# DATA FOR REVIEW:

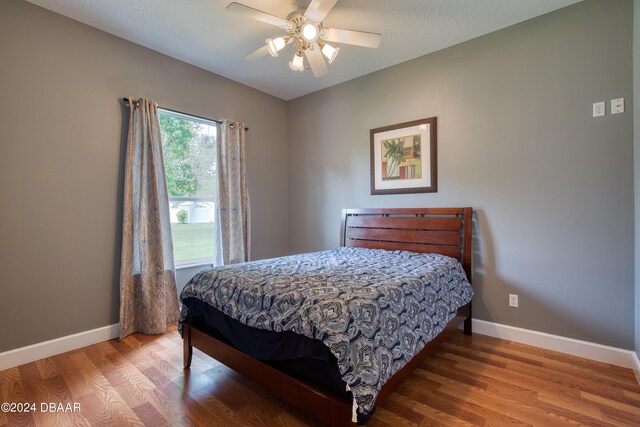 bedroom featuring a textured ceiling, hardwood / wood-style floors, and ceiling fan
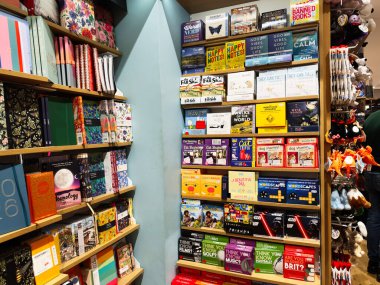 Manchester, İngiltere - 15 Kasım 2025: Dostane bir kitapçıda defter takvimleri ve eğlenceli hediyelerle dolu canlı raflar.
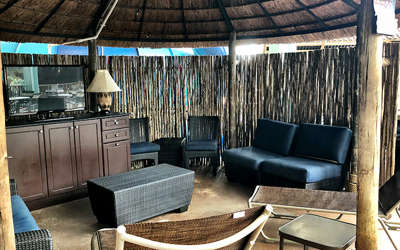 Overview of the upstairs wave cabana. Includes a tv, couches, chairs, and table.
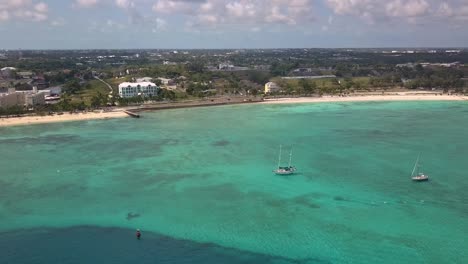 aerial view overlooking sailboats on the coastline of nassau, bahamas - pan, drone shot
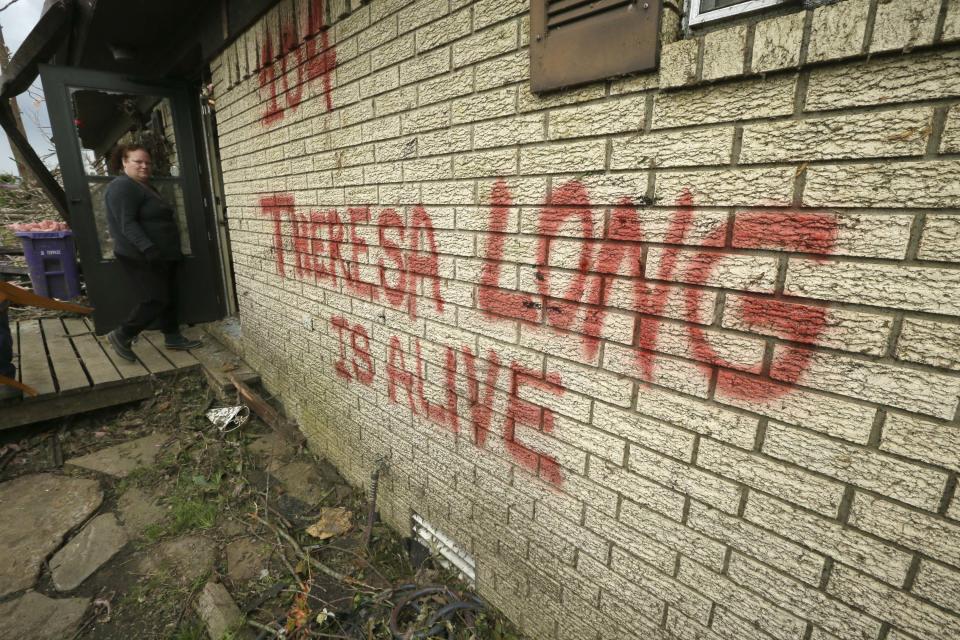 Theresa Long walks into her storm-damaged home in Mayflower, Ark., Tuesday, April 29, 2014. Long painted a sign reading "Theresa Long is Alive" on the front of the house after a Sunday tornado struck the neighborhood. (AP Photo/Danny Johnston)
==
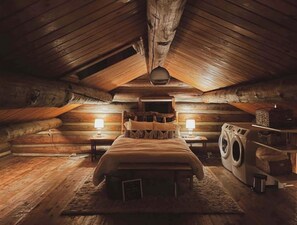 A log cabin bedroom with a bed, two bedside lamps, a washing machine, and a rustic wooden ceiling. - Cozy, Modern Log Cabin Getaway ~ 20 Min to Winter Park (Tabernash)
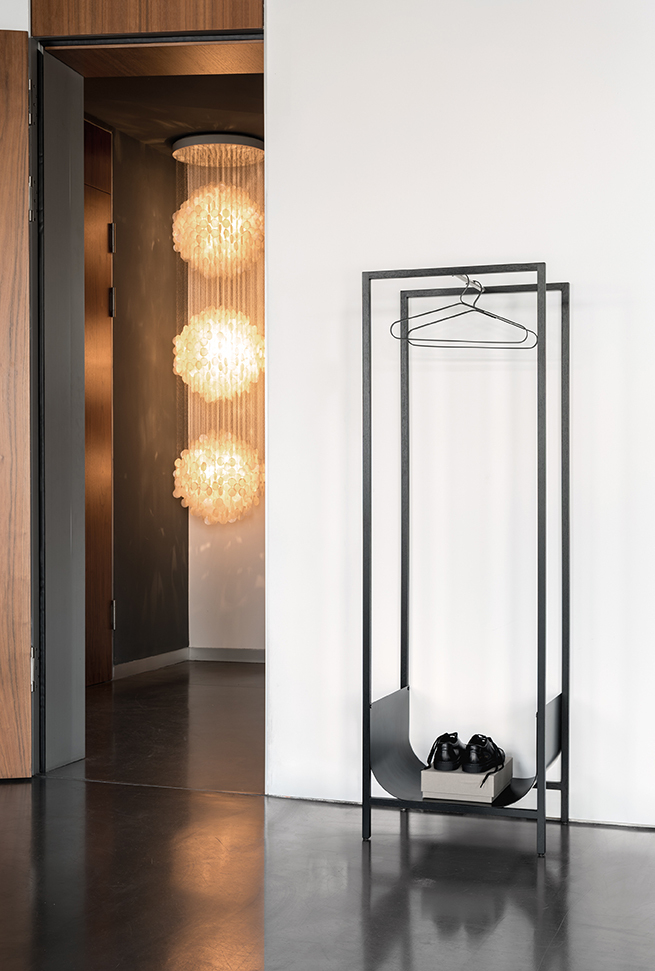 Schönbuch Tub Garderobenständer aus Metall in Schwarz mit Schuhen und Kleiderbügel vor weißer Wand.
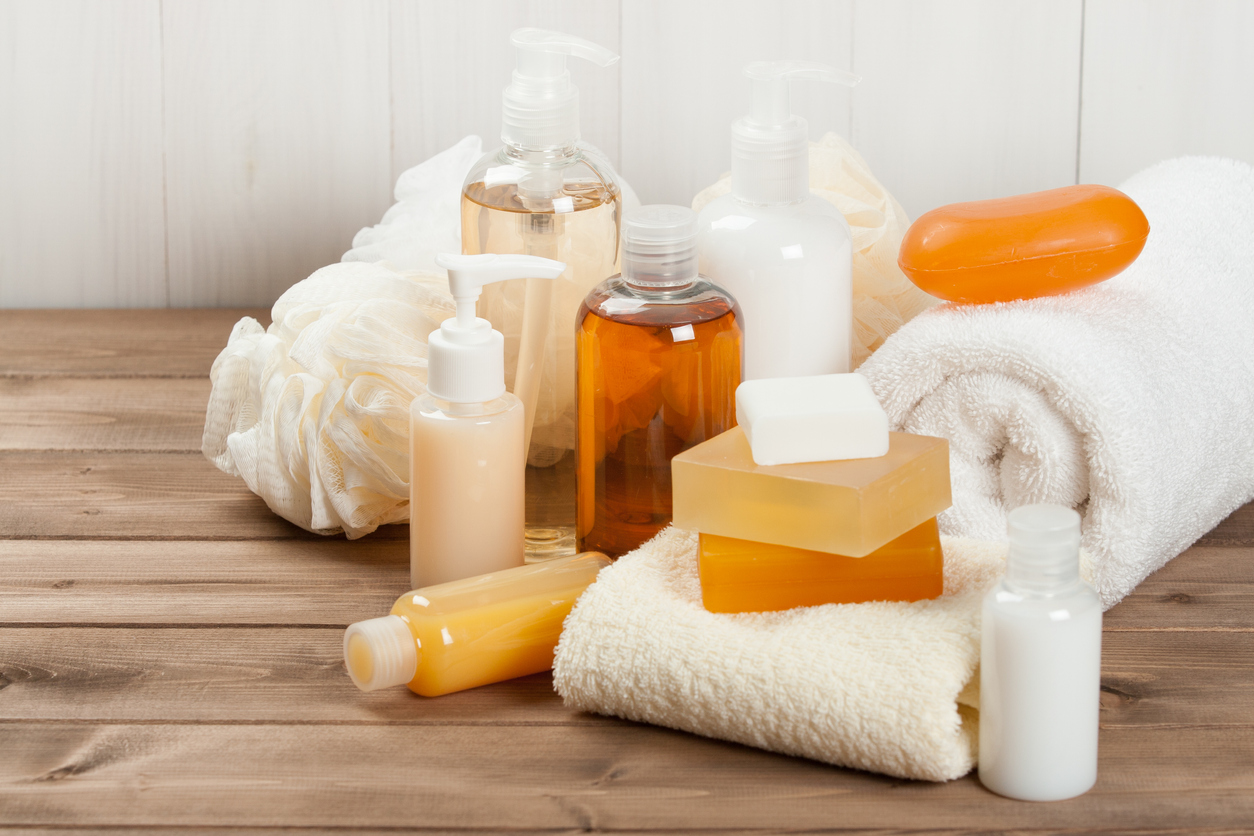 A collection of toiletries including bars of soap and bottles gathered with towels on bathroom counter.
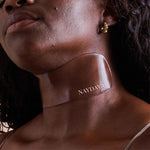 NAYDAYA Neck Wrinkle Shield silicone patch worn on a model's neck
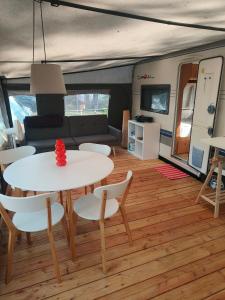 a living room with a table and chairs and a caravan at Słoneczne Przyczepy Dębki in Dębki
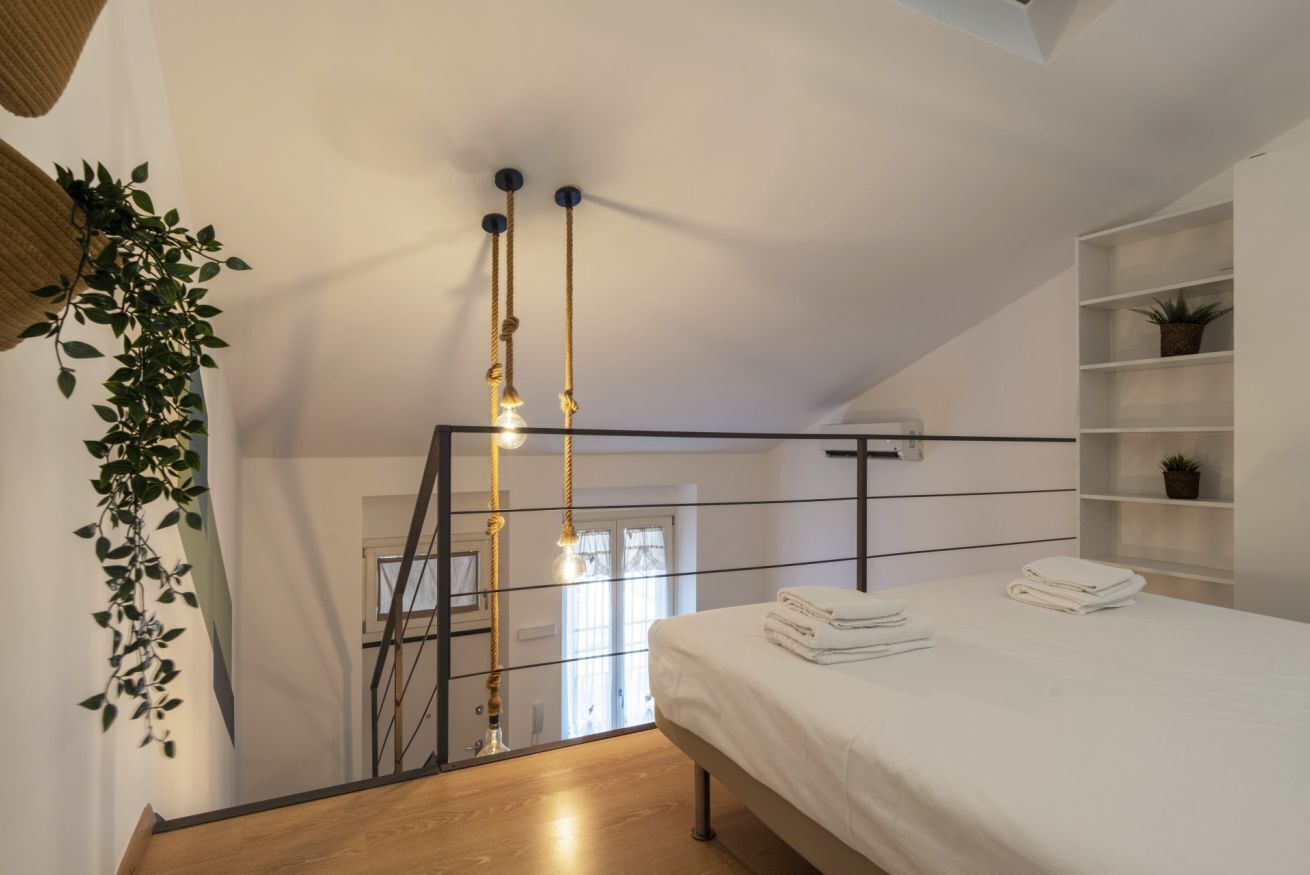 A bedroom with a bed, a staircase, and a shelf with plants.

# REQUIRED ACTION:
Without the pictures, give again exactly the lines above starting at the line containing "bedroom featuring a" and ending at the line containing "Theresa Long walks".

# ANSWER FOR THE TASK:
 bedroom featuring a textured ceiling, hardwood / wood-style floors, and ceiling fan
 Manchester, İngiltere - 15 Kasım 2025: Dostane bir kitapçıda defter takvimleri ve eğlenceli hediyelerle dolu canlı raflar.
 Overview of the upstairs wave cabana. Includes a tv, couches, chairs, and table.
 aerial view overlooking sailboats on the coastline of nassau, bahamas - pan, drone shot
 Theresa Long walks into her storm-damaged home in Mayflower, Ark., Tuesday, April 29, 2014. Long painted a sign reading "Theresa Long is Alive" on the front of the house after a Sunday tornado struck the neighborhood. (AP Photo/Danny Johnston)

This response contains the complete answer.